Anyone who works in online video has likely been waiting for this story to hit. As part of their Google i/O conference taking place in San Francisco this week, Google announced their intention to open source VP8, which they acquired with the purchase of On2 last fall. This announcment is part of a larger movement dubber WebM that was also announced at the show and will be a driving force for video in HTML5 (if i'm following this all correctly). In conjunction to the announcement, Adobe's CTO, Kevin Lynch announced that they would be adding support to Flash for the new codec.
So where does this leave H.264? It certainly means there is legitimate competition for it for the first time since VC-1 gave up the ghost, in terms of adoption and popularity. Apple is fairly firm behind its 264 support and is unlikely to sway much towards VP-8, so this codec and its adoption is likely to have a polarizing effect (are ya with us, or agin' us?!?!)

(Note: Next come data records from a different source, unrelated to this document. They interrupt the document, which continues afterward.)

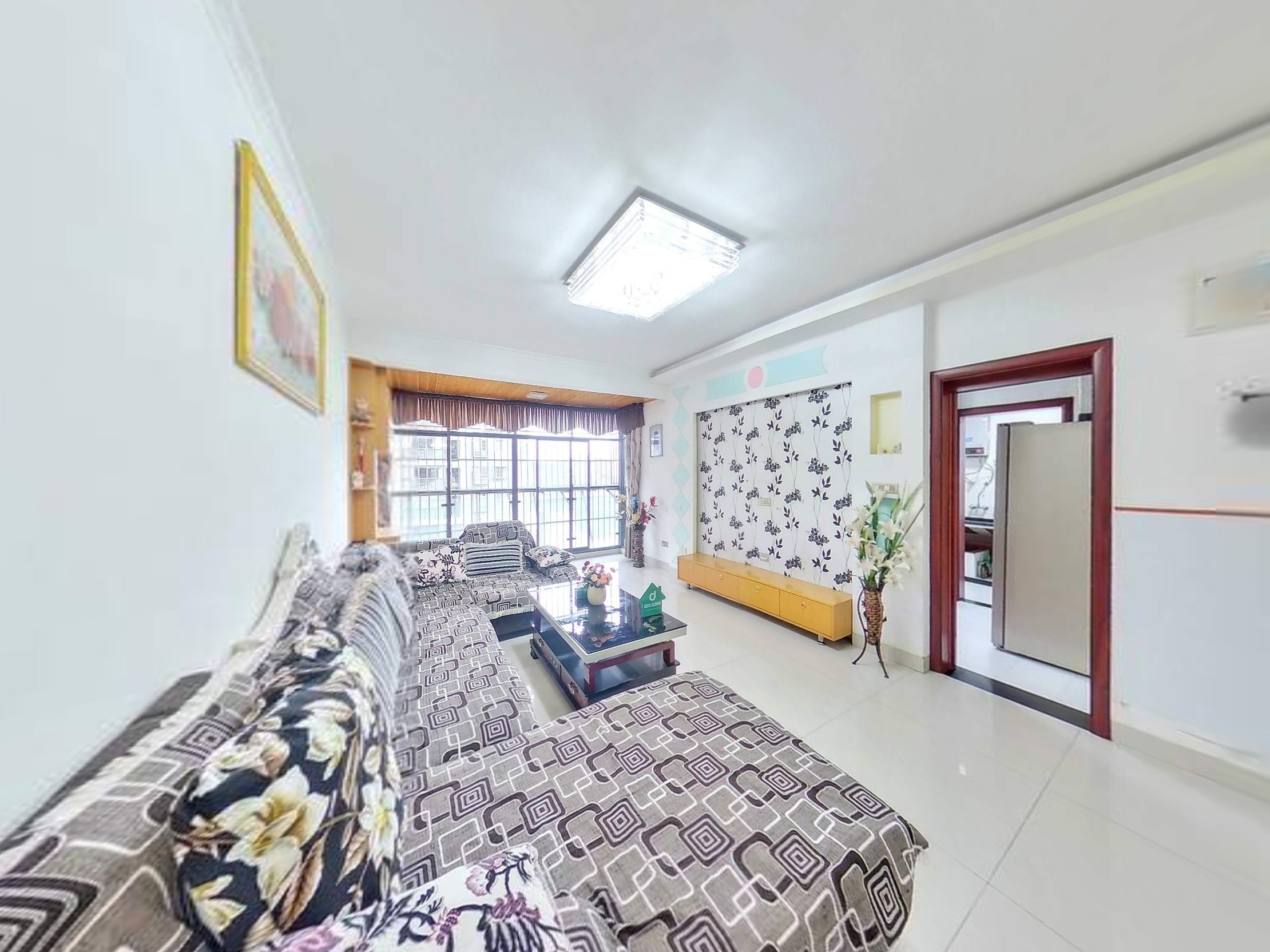 （三里坪）水印长滩 4室2厅2卫 南北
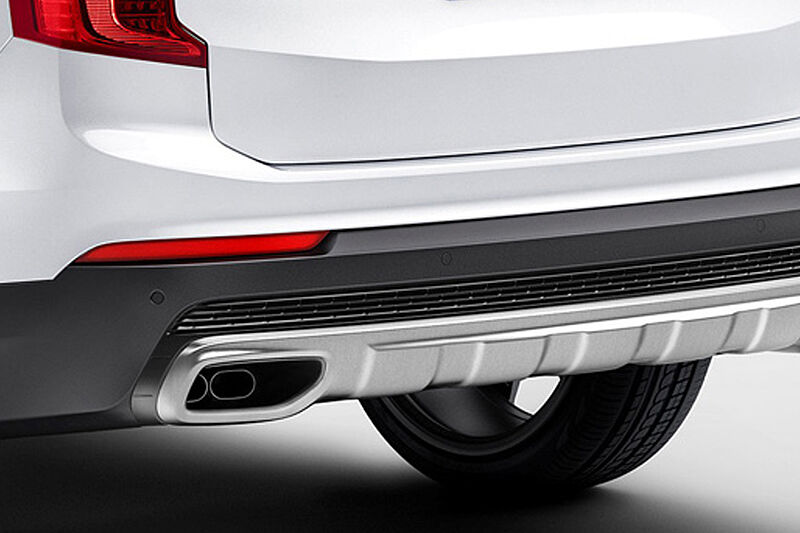 Automotive-Bauteil mit Folienhinterspritzung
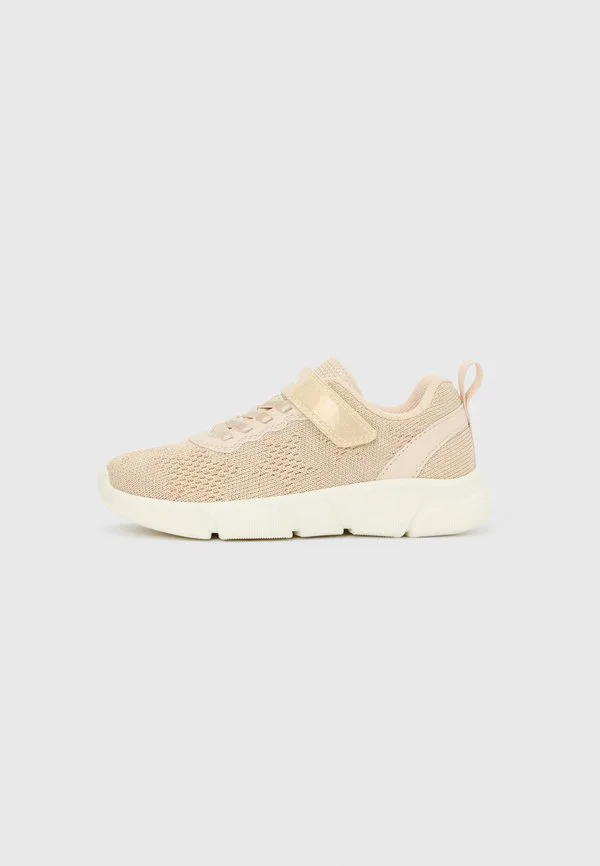 Кроссовки для девочек aril Geox, Light Beige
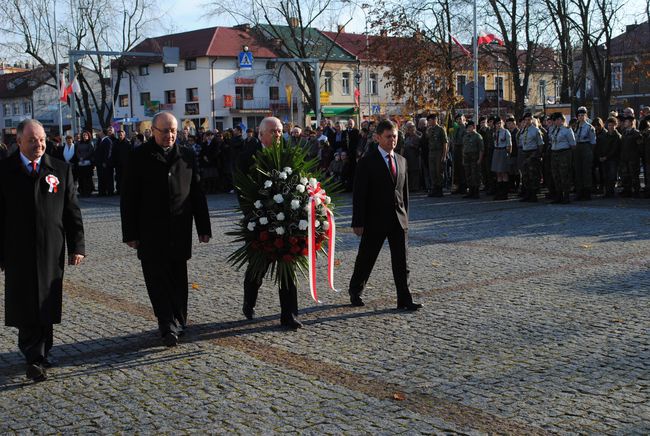 Święto Niepodległości w Nisku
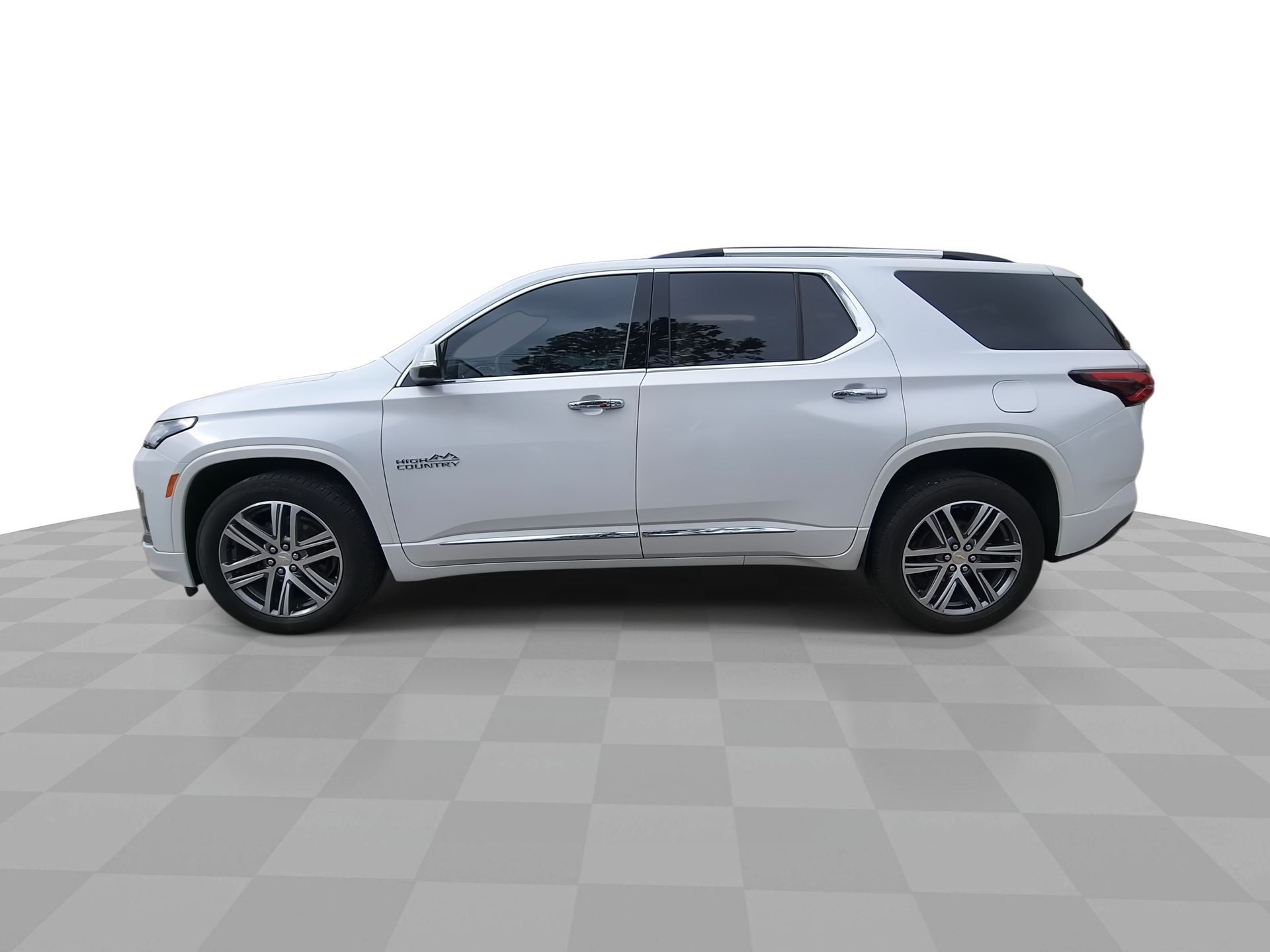 2023 Chevrolet Traverse High Country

Not that anything is likely to happen right away, Google still as to officially release it, support has to begin to creep into both the encoder market and the player/platform side, so for now H.264 is in a strong position, but at least we know the front the next battle will be waged on. It will be very interesting to see what happens to the H.264 content on YouTube's site. As a further part of the announcement, Google stated it was converting its entire catalog over, but it was unclear to me whether this meant the h.264 content would be discard (leaving iphone and iPad playback dead in the water).